The amount of reduction depends on the zone contents.
We observed a reduction across our smaller zones and nameservers, however we also observed the opposite: the nameservers serving our largest zones now consume more memory on NSD 4.14.0. Is this to be expected in some cases?
The absolute figures here are trivial and are of no practical concern to us. We are not a registry, and so even our largest zones are tiny in comparison to some of your other users. I nevertheless wondered whether this behaviour was expected. If unexpected, and if the adverse outcome is liable to scale on some very large zones, maybe this report would be of interest to you.
Unfortunately, I am unable to share our zone data for it includes confidential information that is not served on public networks, though I am happy to share what information I can. I will focus on one zone that was observed to consume more memory on NSD 4.14.0.

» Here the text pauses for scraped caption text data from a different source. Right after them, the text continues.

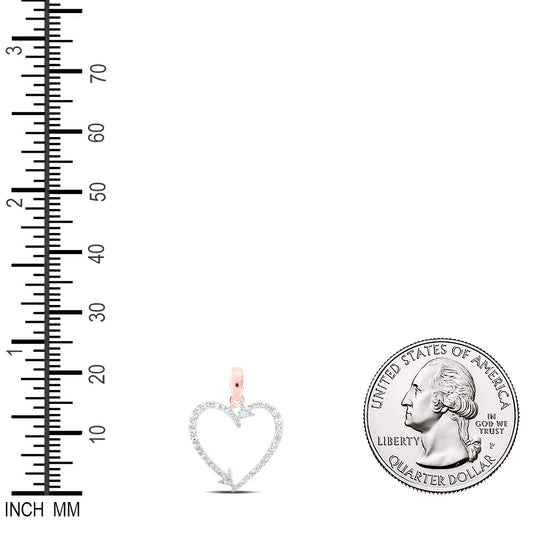 0.19 Ctw Natural Diamond Arrow Open Heart Pendant in 10k Rose Gold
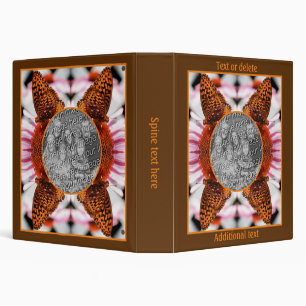Butterfly On Flower Frame Create Your Own Photo 3 Ring Binder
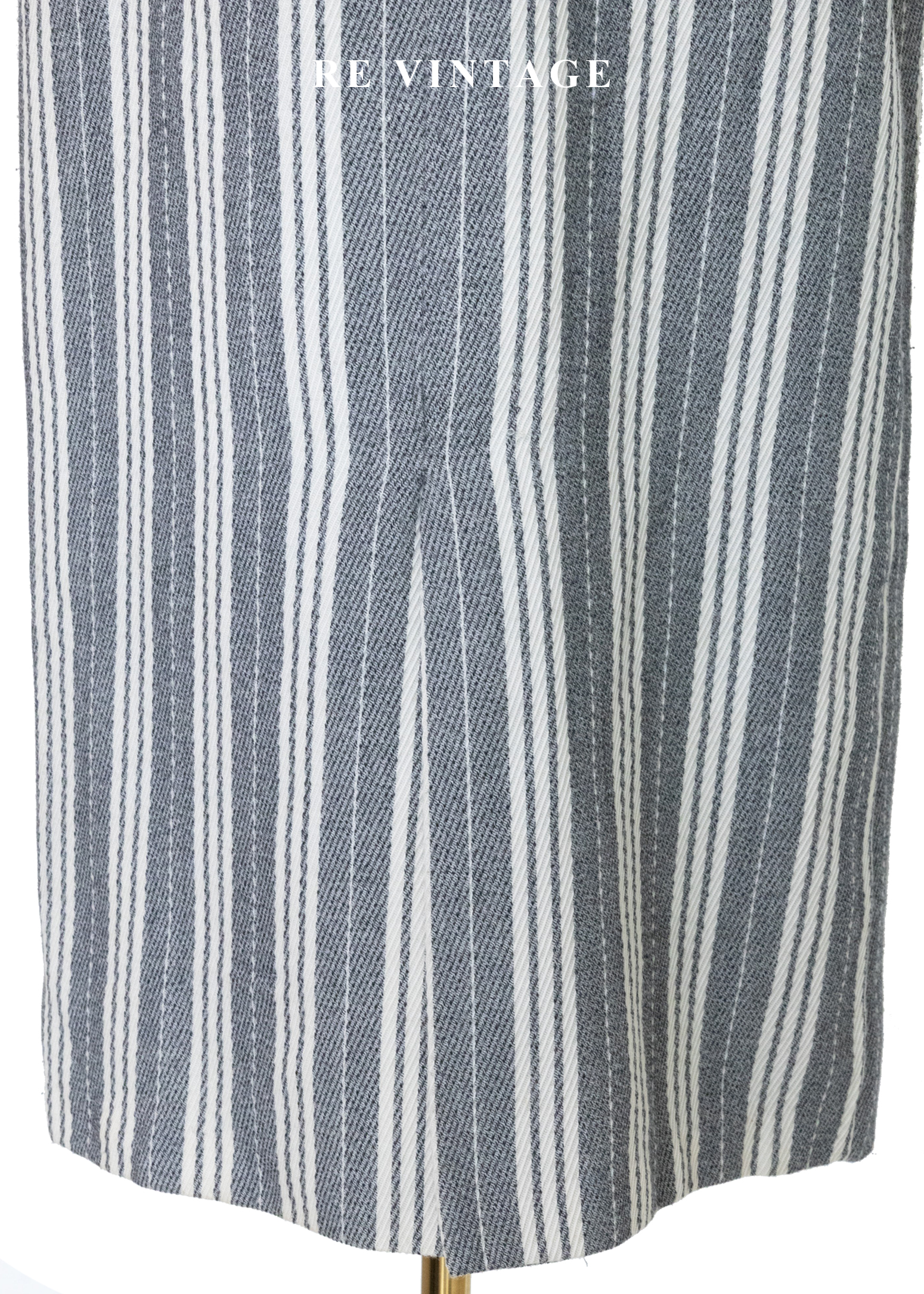 摩登序曲 - 奶油灰粗細條紋排扣直筒裙(25")8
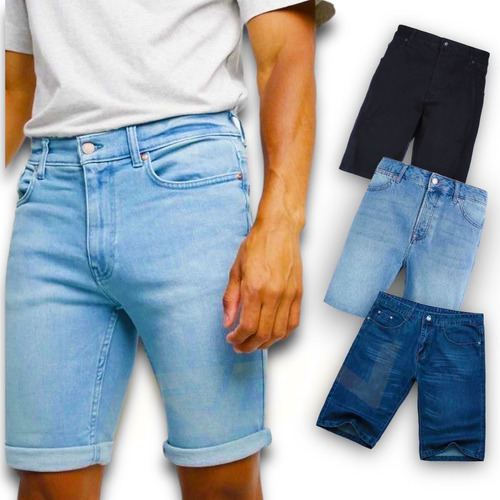 Bermuda Jeans Masculina Casual Elastano Slim 409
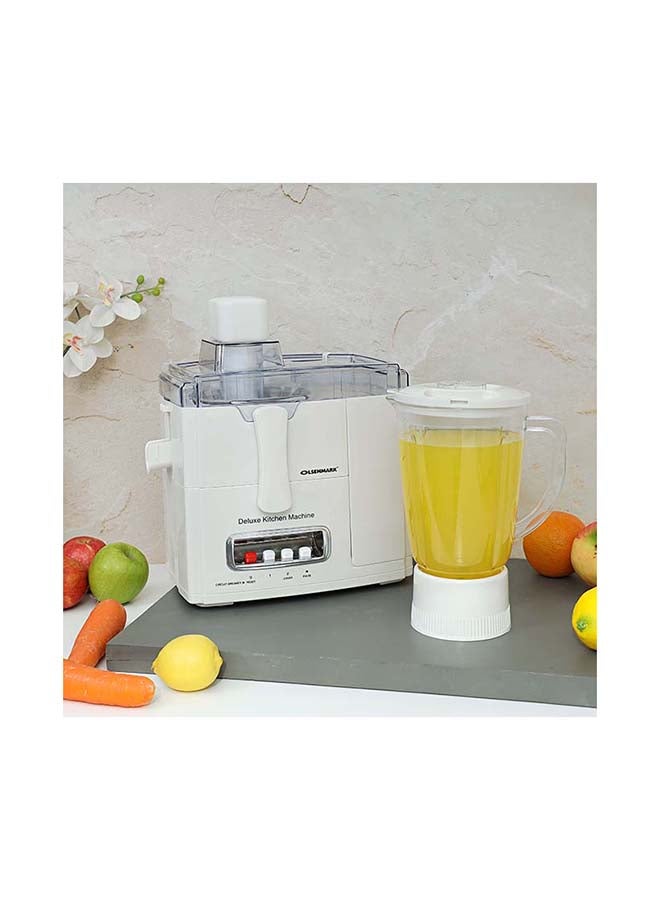 Olsenmark - 4-in-1 Blender Food Processor & Juicer | Multifunctional Smoothie Maker, Juicer, Compact Electric Blender, Chopper & Grinder - 1.5L Jug, 2-Speed Pulse Function for Ice Crusher 1500 ml 400 W OMSB2383 White/Clear - Image 1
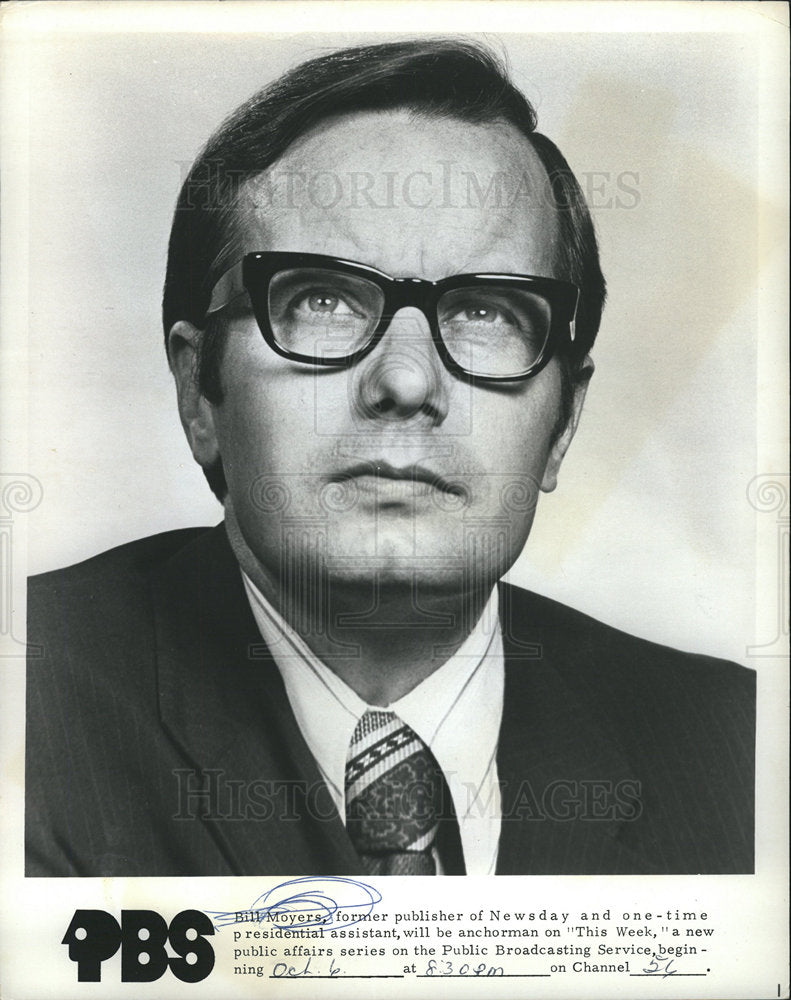 1974 Bill Moyers journalist publisher News-Historic Images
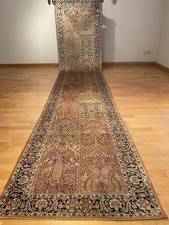 6283 Langer Kaschmir Felder Ghom Läufer Seidenteppich 440x90 Galerie Tappeto Rug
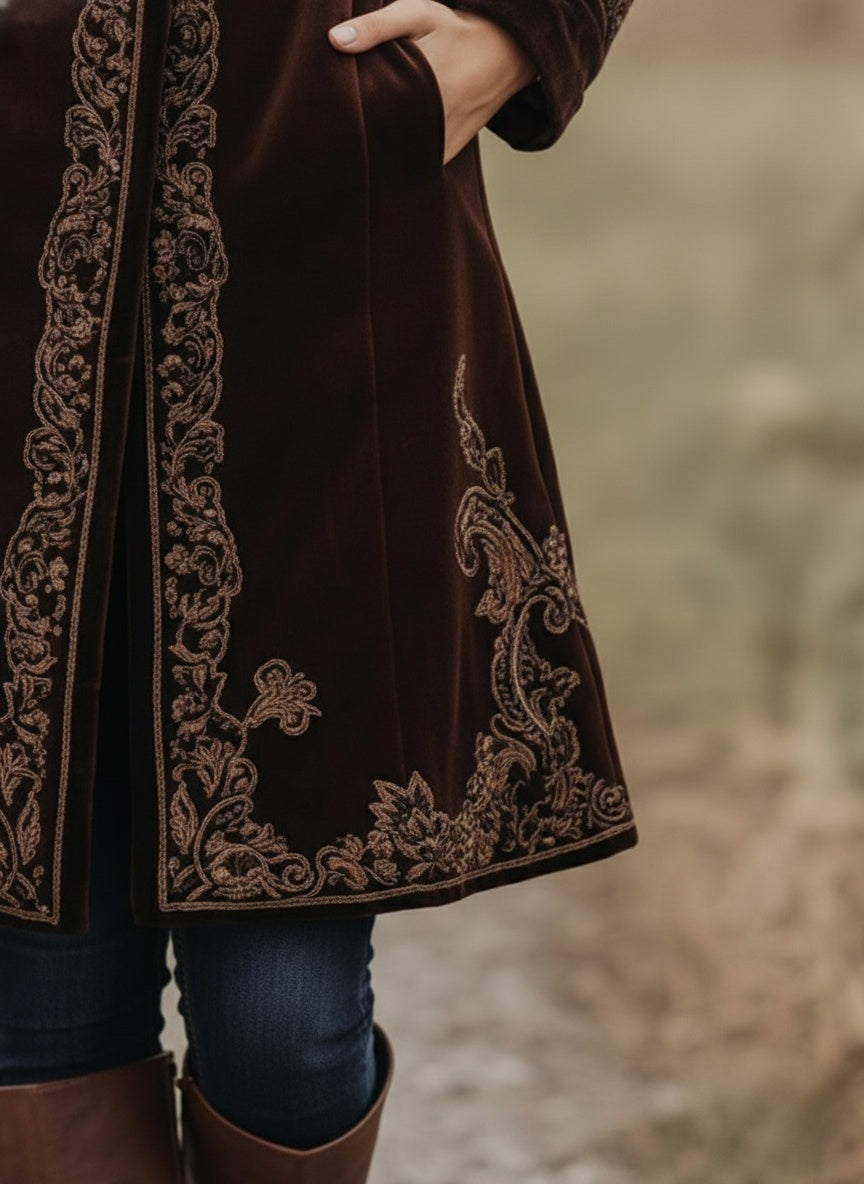 Rich Velvet Embroidered Long Coat - Fashionpara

nsd_size_db_in_mem_bytes (size.db.mem) went from ~6.49 Mi on NSD 4.13.0 to ~8.80 Mi on NSD 4.14.0. There are about 9K RRs in the zone. Our zones are specifically designed to serve RFC 6763 DNS-SD data (and nothing else). We never load more than one zone into each NSD server. We build with --enable-packed and --disable-radix-tree; our complete set of configure flags can be found at the bottom of this message. The positive delta is reproducible on Linux and macOS.
Here is the aggregate composition of that zone by RR type:
Thanks for looking into your findings and reporting!
I have been testing the new RDATA storage approach with these zones: .lol, .nl, .se, .net, .org and .com, which had with your configure options (–enable-packed and --disable-radix-tree) compared to NSD 4.13.0 compiled with the same options, the following reductions:
.lol: 29.3%
.nl: 26.6%
.se: 23.7%
.net: 6.6%
.org: 6.5%
.com: 6.1%.
But none of these zones have PTR records, so I am afraid I missed this! I will look into this now and report back.
Thanks again for reporting. I was about to post a blog post about my testing results, but will postpone that until we’ve figured out what is going on and possibly how to remedy it. You saved me from posting a “all good news” story, which clearly needs to be nuanced.
Just a quick update on the issue. I can reproduce.
The issue is in our region-allocator. Memory recycling (which is happening when resizing RRsets when adding new RRs to them) is not performing too well when there are a relatively few, but uniquely large RRsets, as in RRsets with many RRs. NSD before 4.14.0 already didn’t do too well under these circumstances, but our new release can do worse. So it is the combination of RRsets with a uniquely large number of RRs; that is uniquely large among all the zones served in a NSD instance.
I do think I can remedy this, but there is no quick and easy fix.
Your test suites are surely much better than ours, so I am yet to test for nameserver function. Let me know if you need me to put a Linux build into a traffic path. We are in change freeze for the upcoming holiday period, but I might be able to arrange a test in a pre-production environment.